● **ASSIGNMENT**: Please copy each line of the listing below precisely, excluding the images.

● **DATA**:
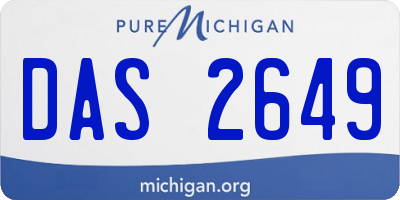 MI license plate DAS2649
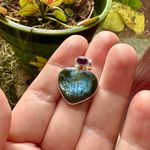 Amethyst Larvikite Black Moonstone &  Sterling Silver Heart Pendant Photo 1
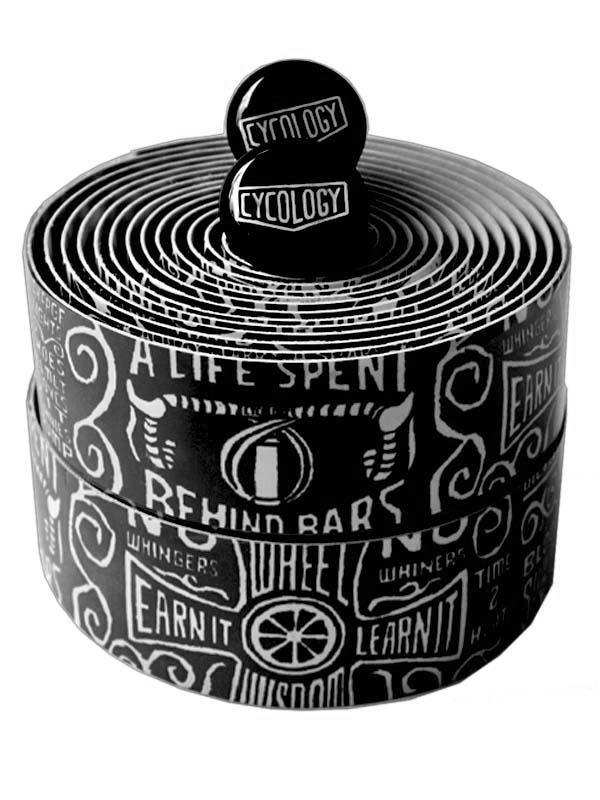 Cycology cycling handlebar tape with bold black-and-white graphic design, featuring cycling phrases and logos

● **ANSWER SPACE**:
 MI license plate DAS2649
 Amethyst Larvikite Black Moonstone &  Sterling Silver Heart Pendant Photo 1
 Cycology cycling handlebar tape with bold black-and-white graphic design, featuring cycling phrases and logos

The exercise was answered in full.